Aim of the exercise: Print the lines below from the line with "유나이티드항공 B787-10 비행기" to the line with "Osoba trzymająca smartfon" exactly, keeping both ends, and print no pictures.

Information shown:
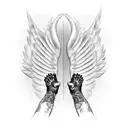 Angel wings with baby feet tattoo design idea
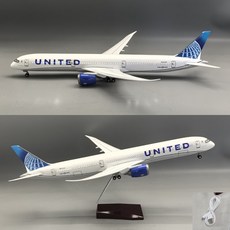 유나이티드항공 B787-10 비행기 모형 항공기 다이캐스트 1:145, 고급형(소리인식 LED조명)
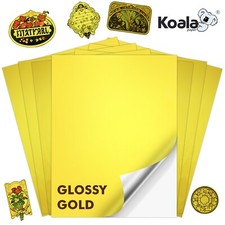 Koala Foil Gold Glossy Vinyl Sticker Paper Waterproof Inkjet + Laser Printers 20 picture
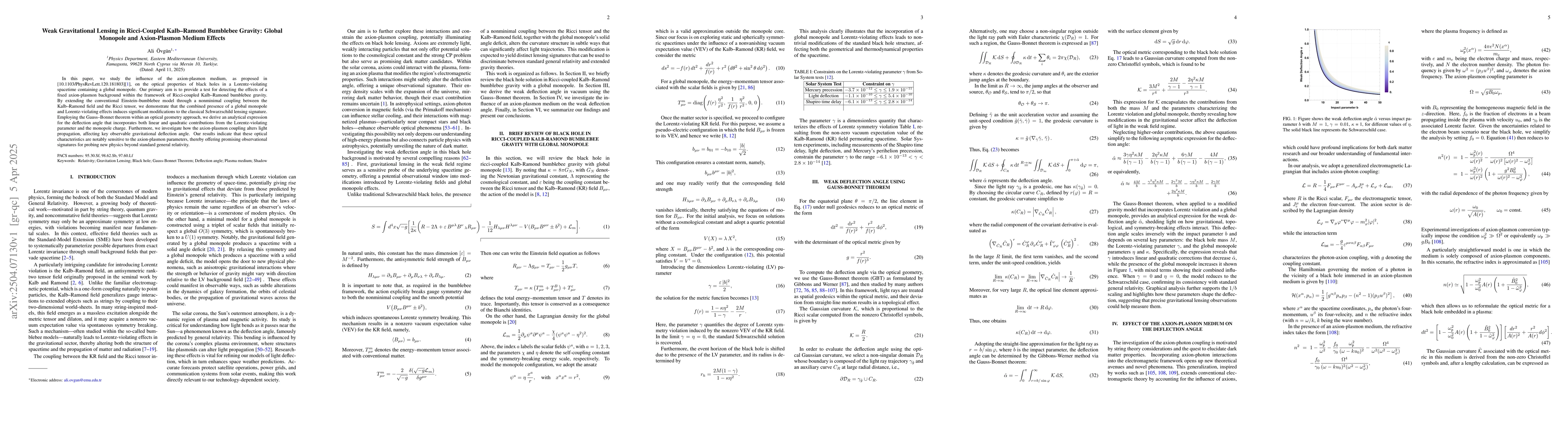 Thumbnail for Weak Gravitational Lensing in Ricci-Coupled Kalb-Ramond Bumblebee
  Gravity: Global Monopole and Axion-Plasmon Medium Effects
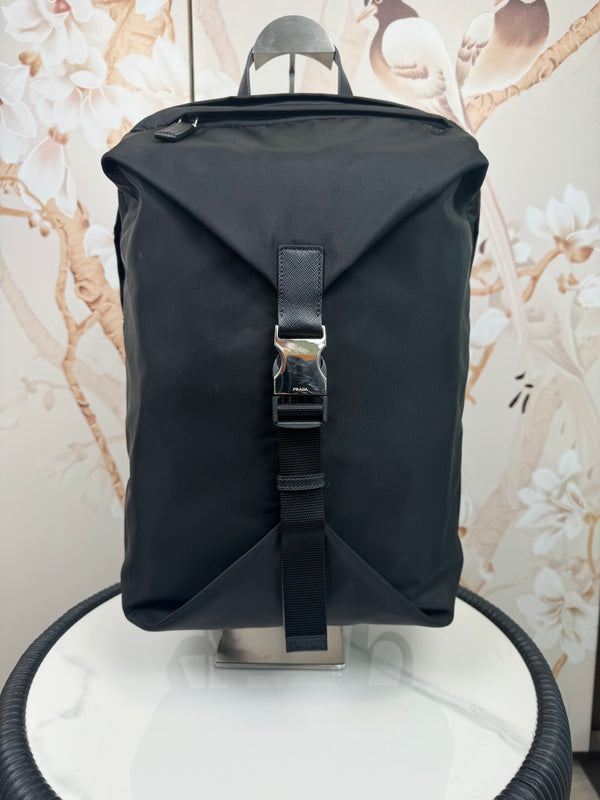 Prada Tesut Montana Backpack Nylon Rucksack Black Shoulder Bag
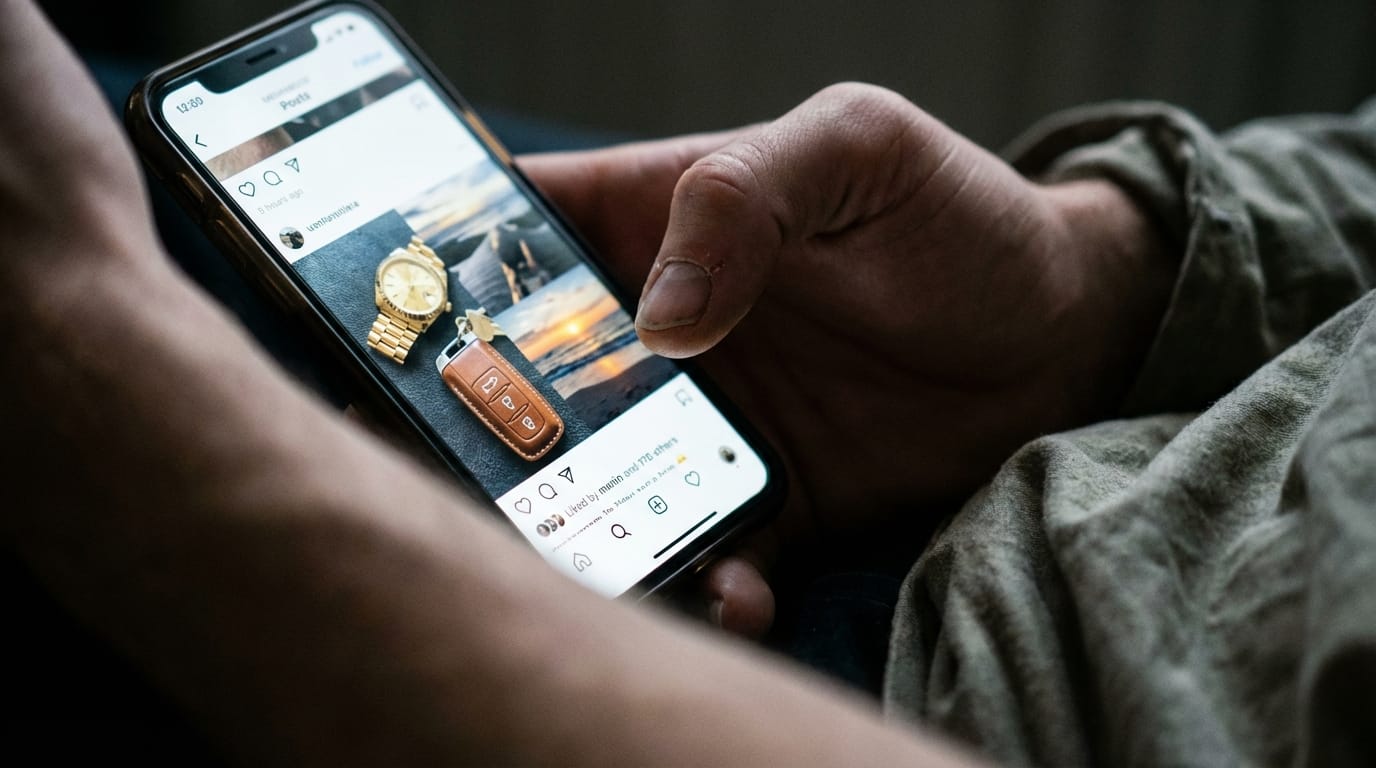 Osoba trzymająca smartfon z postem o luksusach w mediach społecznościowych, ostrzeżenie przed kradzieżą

==

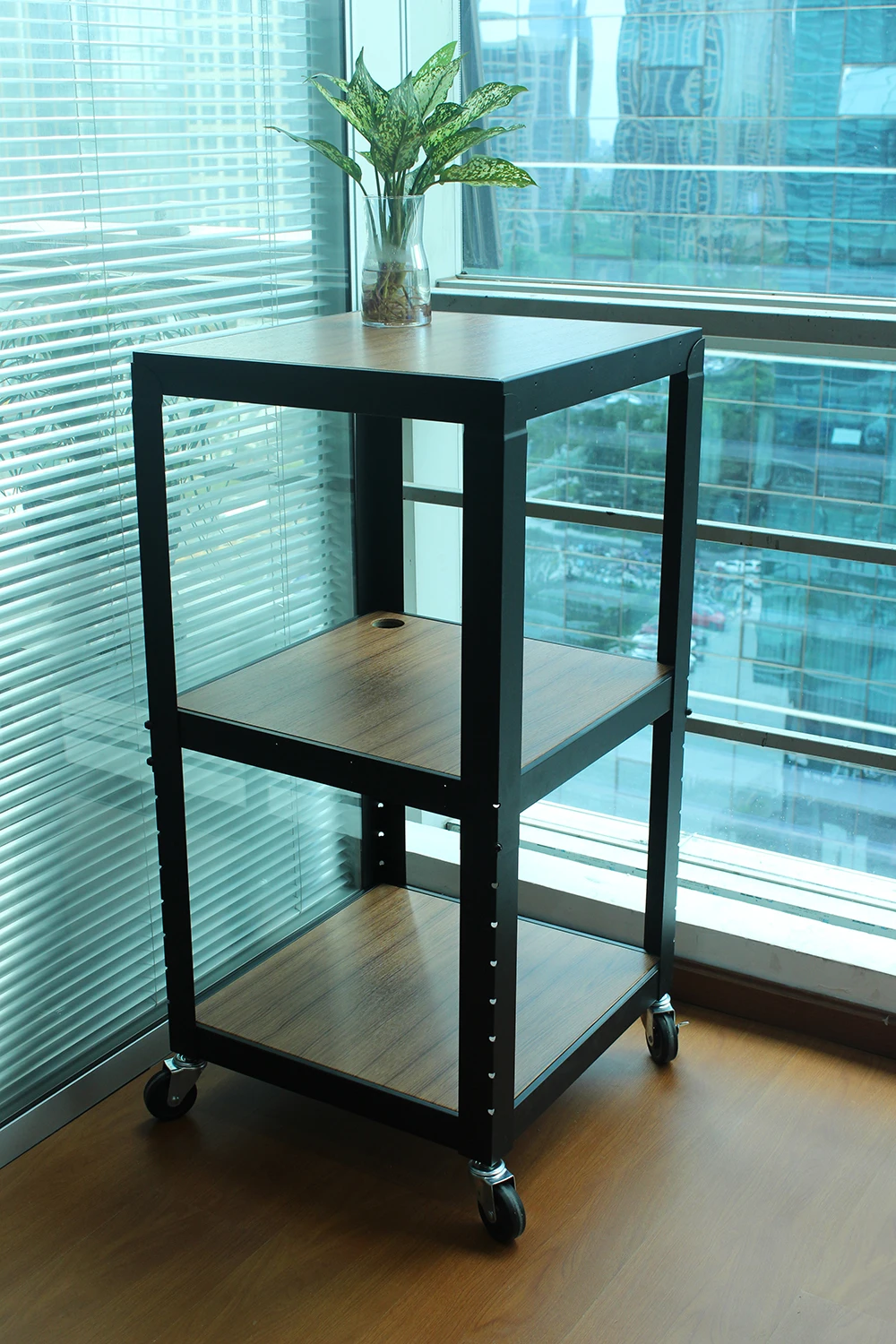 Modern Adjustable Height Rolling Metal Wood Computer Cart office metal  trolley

Written reply:
 유나이티드항공 B787-10 비행기 모형 항공기 다이캐스트 1:145, 고급형(소리인식 LED조명)
 Koala Foil Gold Glossy Vinyl Sticker Paper Waterproof Inkjet + Laser Printers 20 picture
 Thumbnail for Weak Gravitational Lensing in Ricci-Coupled Kalb-Ramond Bumblebee
  Gravity: Global Monopole and Axion-Plasmon Medium Effects
 Prada Tesut Montana Backpack Nylon Rucksack Black Shoulder Bag
 Osoba trzymająca smartfon z postem o luksusach w mediach społecznościowych, ostrzeżenie przed kradzieżą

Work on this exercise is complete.